### Task 1

Name: Sai Srujan<br>
API: USGS Earthquake Catalog

This notebook covers Task 1 - Data Collection.<br>
In this task we collect data related to earthquakes from USGS Earthquake Catalog for the last three years(2019, 2020, 2021).
The API has a limit on the amount of data that can be retrieved at once. In order to collect the complete required data we have to call the API multiple times with different parameters to get the required data.
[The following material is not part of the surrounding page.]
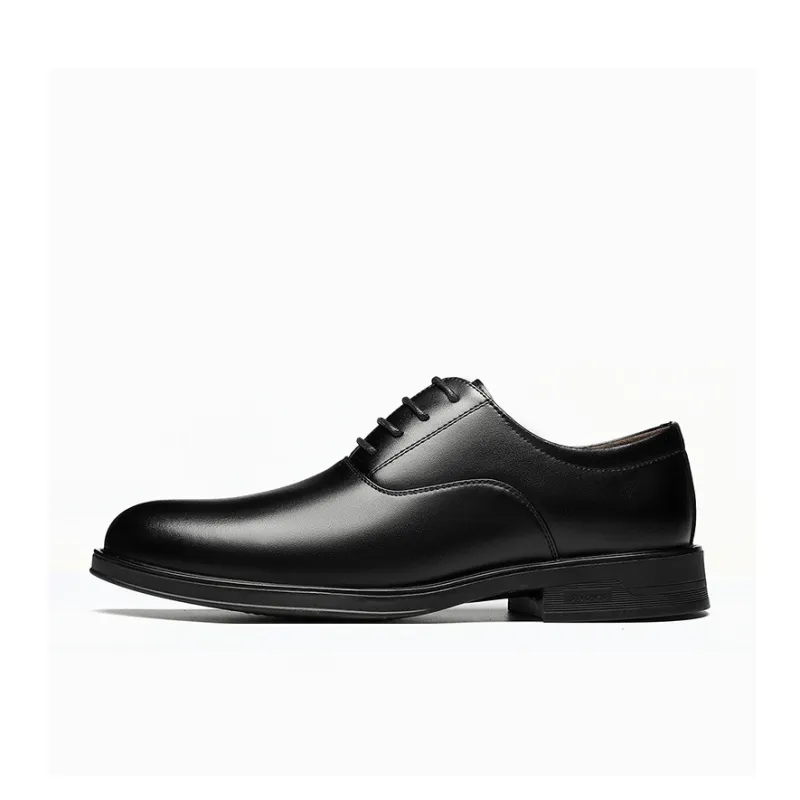 Warrior Fashion Business Dress Shoes Men's Black-0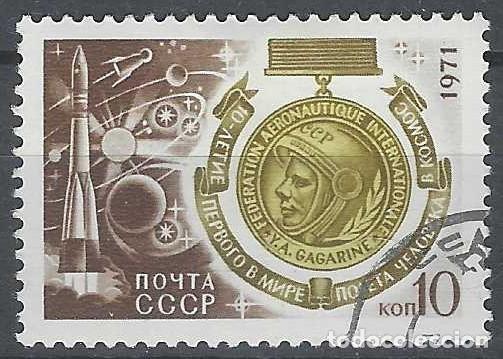 Sellos: UNI&Oacute;N SOVI&Eacute;TICA 1971 - D&Iacute;A DE LA COSMON&Aacute;UTICA - USADO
So we invoke the API only for a particular month data at once so the data is within the limit.

In [1]:
import json
import urllib.request
from pathlib import Path
import pandas as pd
from datetime import datetime

Common prefix of the url to invoke the API and the other parameters required for collection of data

In [2]:
# Common Prefix for API URLs
api_prefix = "https://earthquake.usgs.gov/fdsnws/event/1"
# Start and End Dates of various months to get data
api_dates = [{"starttime":"01-01", "endtime":"01-31", "month":"Jan"},
            {"starttime":"02-01", "endtime":"02-29", "month":"Feb"},
            {"starttime":"03-01", "endtime":"03-31", "month":"Mar"},
            {"starttime":"04-01", "endtime":"04-30", "month":"Apr"},
            {"starttime":"05-01", "endtime":"05-31", "month":"May"},
            {"starttime":"06-01", "endtime":"06-30", "month":"Jun"},
            {"starttime":"07-01", "endtime":"07-31", "month":"Jul"},           
            {"starttime":"08-01", "endtime":"08-31", "month":"Aug"},
            {"starttime":"09-01", "endtime":"09-30", "month":"Sep"},    
            {"starttime":"10-01", "endtime":"10-31", "month":"Oct"},        
            {"starttime":"11-01", "endtime":"11-30", "month":"Nov"},            
            {"starttime":"12-01", "endtime":"12-31", "month":"Dec"}]
# The various years for which the data has to be collected
api_years = [2019, 2020, 2021]

Creates a directory for the data storage if it does not exist, to store all the raw earthquake data files in this directory

In [3]:
dir_eq_raw = Path("./raw_eq_files")
dir_eq_raw.mkdir(parents=True, exist_ok=True)

To retreive the required data from the API based on the endpoint and the parameters specified. <br>
If the API fails, the method throws an exception for the failed API url.

In [4]:
def getData(endpoint, params):
    api_url = endpoint
    api_url += "?" + urllib.parse.urlencode(params)
    try:
        response = urllib.request.urlopen(api_url)
        api_data = response.read().decode()
        return api_data
    except:
        print("Failed to retrieve %s" % api_url)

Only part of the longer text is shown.